Game-based learning brings play into the high school classroom

In a recent study, Johnson worked with students in her English Methods class to design, build and test an analog board game called Race to the White House. The class worked with a ninth-grade teacher at a local high school who was teaching a unit on evidence-based argumentation. The teacher reported that her students needed more practice making claims based on evidence and anticipating counterarguments.

“We wanted to connect the students’ out-of-school knowledge—their understanding of current events, interest in games and skills expressing their opinions—with the in-class experience of argumentative thinking and writing,” says Johnson.    The class went through an iterative design process to develop a game in which players assume the role of presidential candidates. In order to advance across the board and toward the goal of becoming president, players must argue various policy positions using evidence and commentary to persuade their fellow players.

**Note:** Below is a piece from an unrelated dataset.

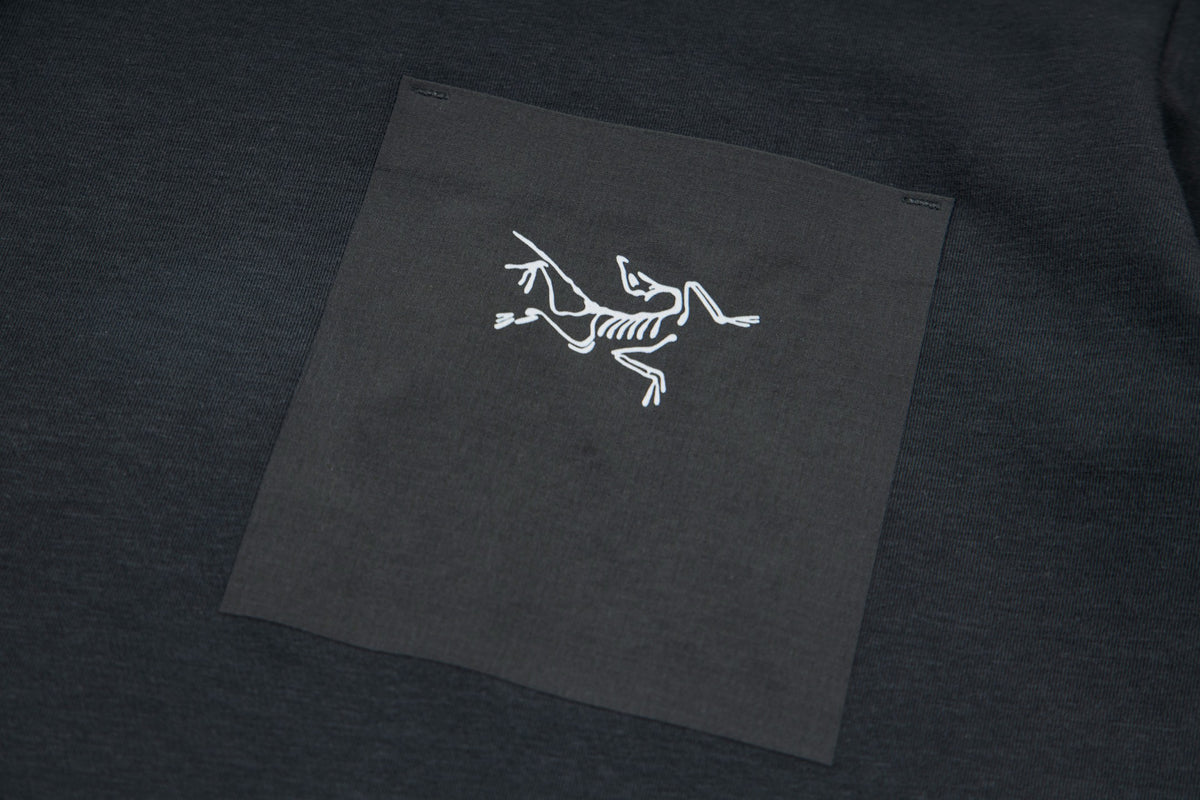 Arc'teryx Chest Pocket Logo SS T‑Shirt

The project offered the preservice teachers an invaluable opportunity to engage with high school students on an authentic learning project. While teaching methods classes are typically theoretical in nature, with student teachers developing lesson plans and unit plans in their discipline, research has shown that these preservice teachers benefit greatly from increased opportunities for interactive learning on top of the traditional student teaching experience.

The students in Johnson’s English Methods class took the game to a local high school, with each W&M student facilitating a group of 4-5 ninth graders as they played the game. Johnson collected data in the form of written reflections from the preservice teachers, as well as audio recordings and transcripts of the group experience.

Johnson found that the game provided a valuable scaffold and shared language as the students practiced their skills in argumentation. Most importantly, it allowed students to produce arguments and critique the argumentation work of others in a playful context rather than through heated or intimidating discussions disconnected from real-world situations.

“The preservice teachers enjoyed the process of creating the game, and they absolutely loved playing their game with the kids,” said Johnson. “All of the ninth-grade students were highly engaged and the teacher particularly pointed out one student who would typically sleep through class, but who was really excited about the game. It was very rewarding for the students to see that level of excitement and motivation.”

This type of project also helps preservice teachers reimagine their role as educators, says Johnson. Interactive, collaborative experiences reposition the teacher as someone who works alongside students, rather than as an authority or as the sole expert in the classroom.

Johnson is now exploring other ways to bring play into the classroom. Through a Reveley Fellowship, she is collaborating with Meredith Kier, associate professor of science education, and Gexin Yu, professor of mathematics, to develop a course for W&M undergraduate students called “Game Changers: Exploring Big Ideas in Mathematics and Education through Game Play and Design.”

The course, which will be offered in Fall 2022, will explore the importance of play in the learning process, with students taking on the role of researcher-designer as they engage in a design process for creating meaningful games that promote deep learning around mathematical concepts. As a COLL 100 course, it will introduce students to big ideas across disciplines and provide opportunities to develop communication and collaboration skills.

Johnson is also involved in the university’s multi-disciplinary eSports initiative, which is exploring the intersections of gaming, learning theory, psychology, computer science and more.

“Unfortunately play has largely disappeared from our schools,” says Johnson. “Even in elementary schools, where playful, engaging pedagogy was once prioritized, we’re seeing play being extricated from the curriculum. And as a result, we see student engagement drop off precipitously as students advance through elementary and secondary school.

“Play and rigor are not mutually exclusive, but in fact are two necessary ingredients for a lifetime of curiosity and learning.”